Pathways Out
NCAA Eligibility After 2025: The New Rules
For decades, CHL players were ineligible for NCAA Division I hockey. That changed in 2025, and the recruiting market has not been the same since.
Until 2025, playing a single major junior game was enough to lose NCAA Division I hockey eligibility, because the CHL was classified as a professional league for NCAA purposes. In November 2024, the NCAA Division I Council approved a rule change. Beginning August 1, 2025, CHL experience no longer ends NCAA eligibility.
What changed
- CHL players can now commit to and enroll in NCAA Division I men's hockey programs.
- Time spent in the CHL does not count against NCAA eligibility years on its own.
- Players who previously could only choose one path can now move between them in either direction.
What did not change
Players who sign an NHL contract or who play in a recognized professional league still lose NCAA eligibility. The eligibility clock and amateurism rules still apply. Specifics around how CHL benefits (such as the scholarship package or stipends) interact with NCAA amateurism are still being settled and continue to evolve.

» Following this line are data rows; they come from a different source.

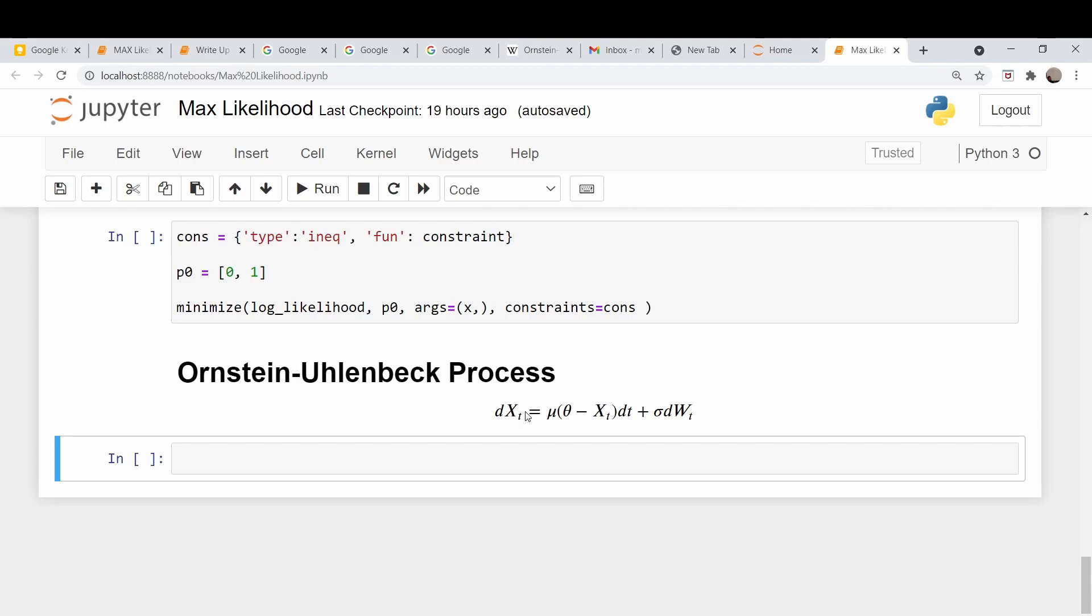Okay, part two. Now we move on to this process, this mean reverting process here. If this equation looks familiar to you, it should. It's basically very similar to the Brownian motion we did a few years ago. It's the exact same thing except for this drift term here is modified to have a term that pulls it back towards the mean.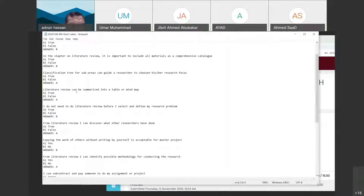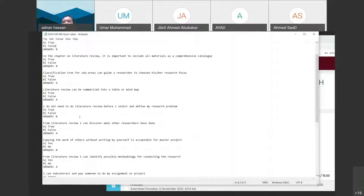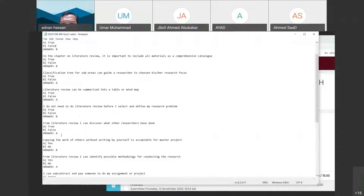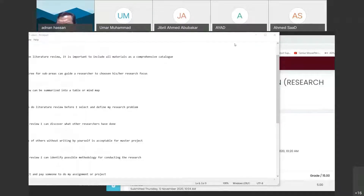The next question: I do not need to do a literature review before I select and define my research problem — this is false. You must start with a literature review. A PhD student once asked me which chapter to write first in their research proposal, which showed they didn't understand research methodology. Can you write Chapter One — the introduction — before you do your literature review? No, you cannot.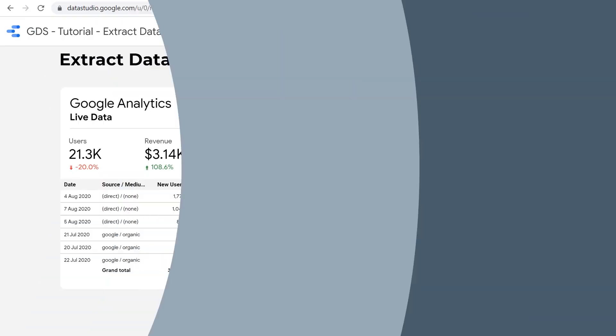Hi, this is Ahmed from CIOARC with another Data Studio tutorial. And today we're going to learn how we can use extract data sources to create a snapshot of our data and speed up and improve the performance of our Data Studio dashboards.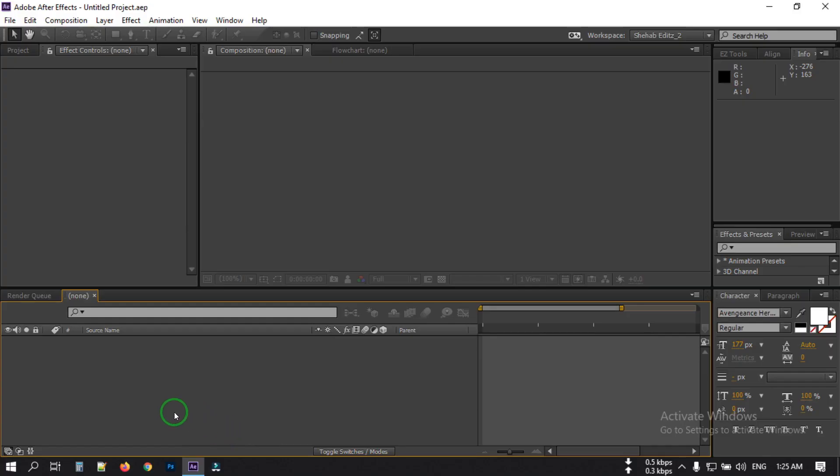Hello everyone, welcome back. In this video I'm going to show you how to make a 3D cinematic text title animation using Adobe After Effects. Before starting this tutorial, let's have a look at what we'll create today.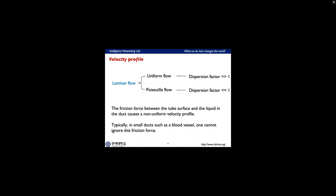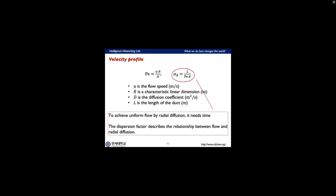When a fluid flows through a closed channel such as a pipe or between two flat plates, either laminar or turbulent flow may occur, depending on the velocity and viscosity of the fluid. Laminar flow occurs at low velocities and turbulent flow at very high velocities. The velocity regime is determined by the dimensionless Reynolds number. The friction force between the tube surface and the liquid in ducts causes a non-uniform velocity profile, and in small ducts such as human blood vessels, one cannot ignore this friction force.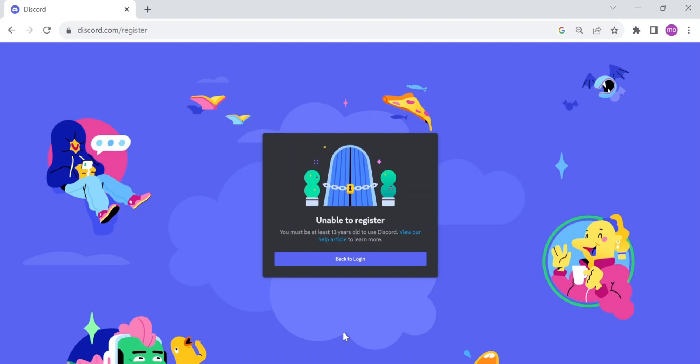How to fix 'unable to register' when creating an account on Discord. First of all, welcome back to our channel. I hope you have a great and amazing day. In this video I'm gonna show you how to actually do this, so make sure to watch this tutorial until the very end. Let's start.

Note: the rule change applies to NCAA Division I men's hockey only. NCAA Division III still treats CHL participation as professionalization, so a player who plays a CHL game remains ineligible for NCAA Division III hockey.
What it means in practice
Expect more 19- and 20-year-old players moving from major junior to the NCAA, more NCAA programs scouting CHL games heavily, and more 16-year-old prospects choosing between paths with full knowledge that they can change later. The recruiting market is more fluid than it has been in 40 years.
Tip
Anything you read about NCAA-CHL eligibility written before 2025 is now out of date. Check the date on any source.